__Dataset excerpts__
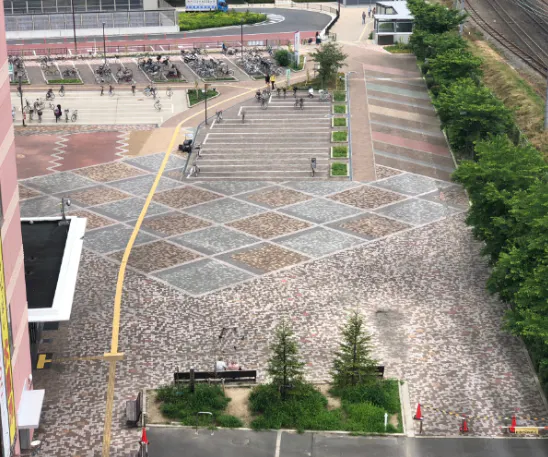 【イオンモール茨木*】JR側屋外広場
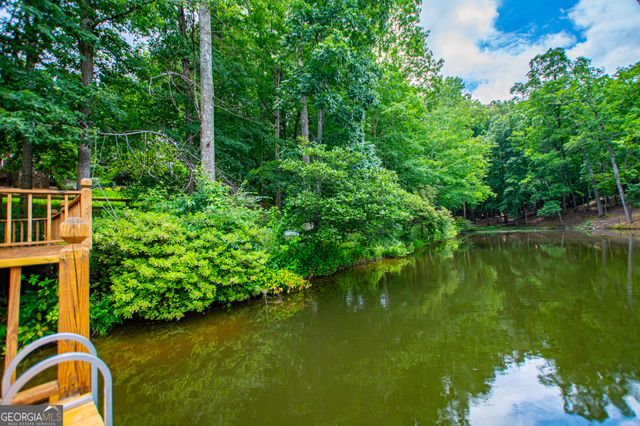 150 Laurel Lakes Drive, Carrollton, GA 30116
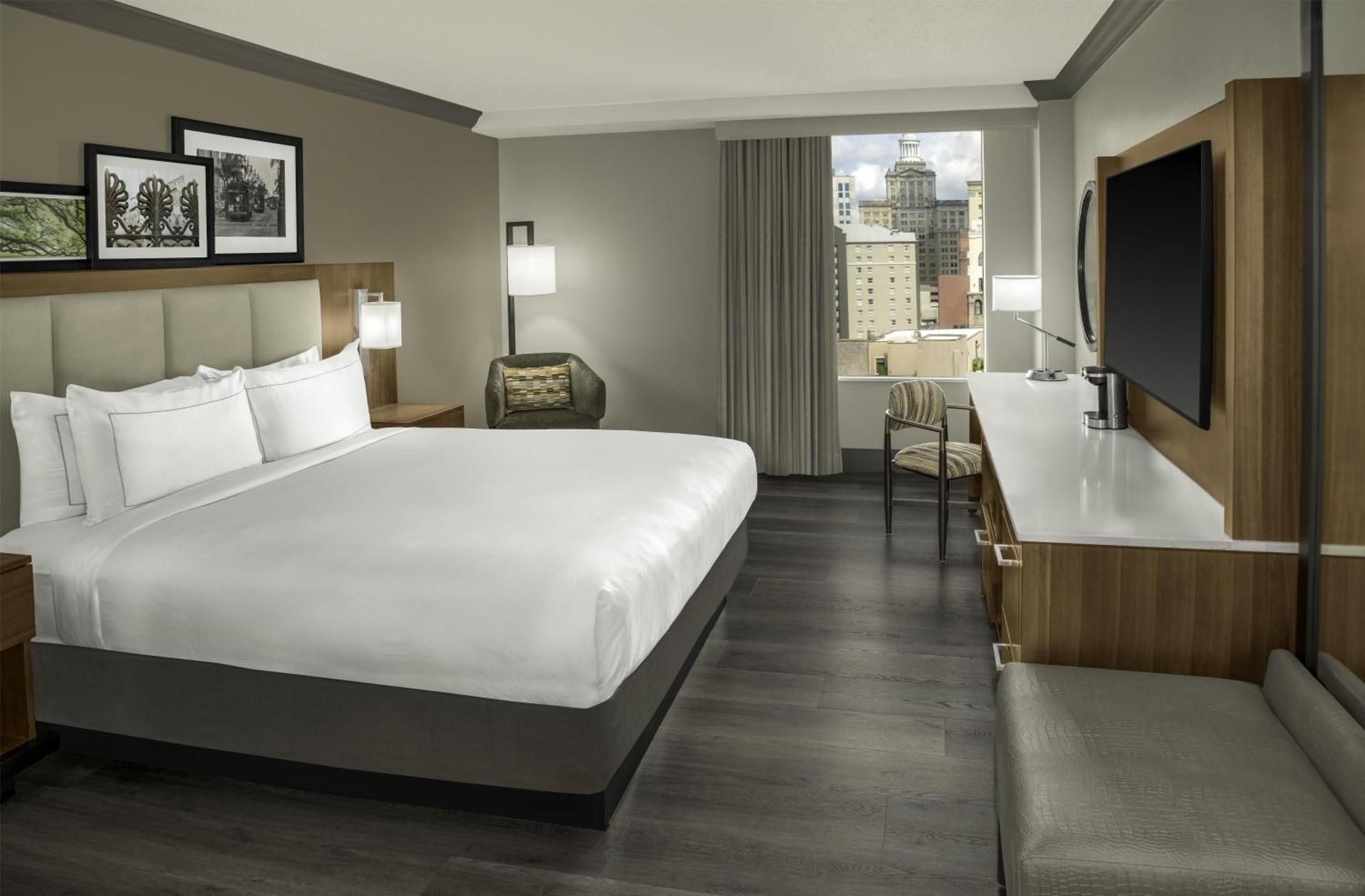1 King Bed 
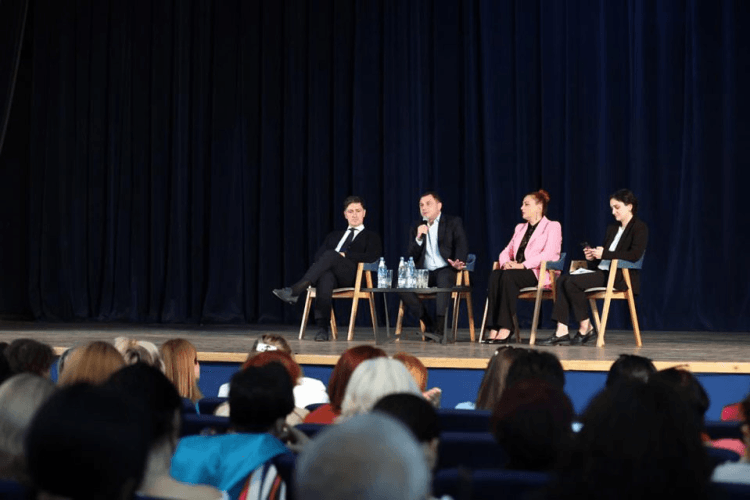 გიორგი ამილახვარმა სხვადასხვა რეგიონის სკოლების 500 მასწავლებელთან სამუშაო შეხვედრა გამართა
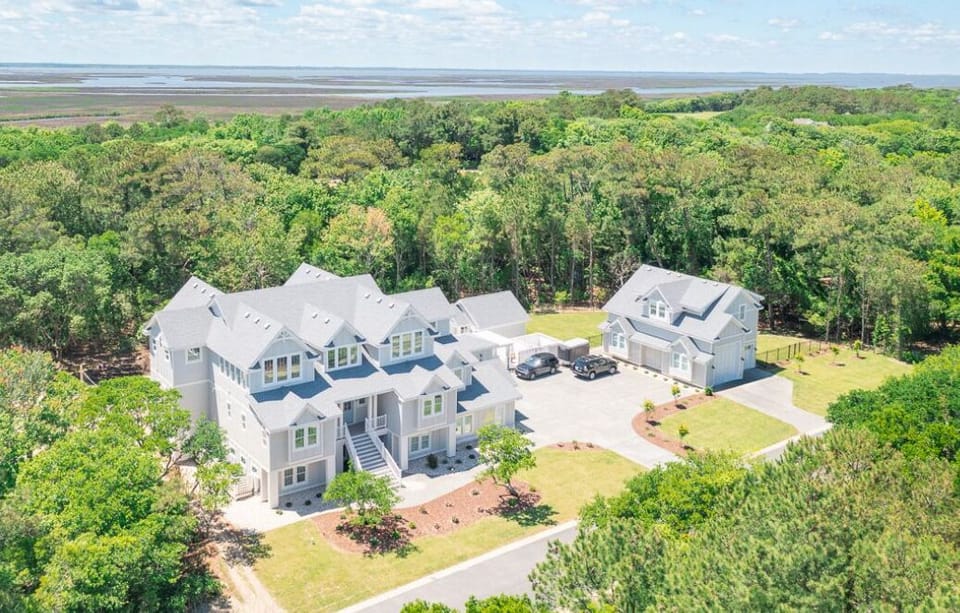 The Oaks on Hunt Club Luxury 12 Bedroom Vacation Rental in Corolla NC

__What to produce__
Restate exactly, and only, the lines from the one that holds "150 Laurel Lakes Drive, Carrollton, GA 30116" down to the last line of the material above. Omit the pictures.

__Exercise result__
 150 Laurel Lakes Drive, Carrollton, GA 30116
1 King Bed 
 გიორგი ამილახვარმა სხვადასხვა რეგიონის სკოლების 500 მასწავლებელთან სამუშაო შეხვედრა გამართა
 The Oaks on Hunt Club Luxury 12 Bedroom Vacation Rental in Corolla NC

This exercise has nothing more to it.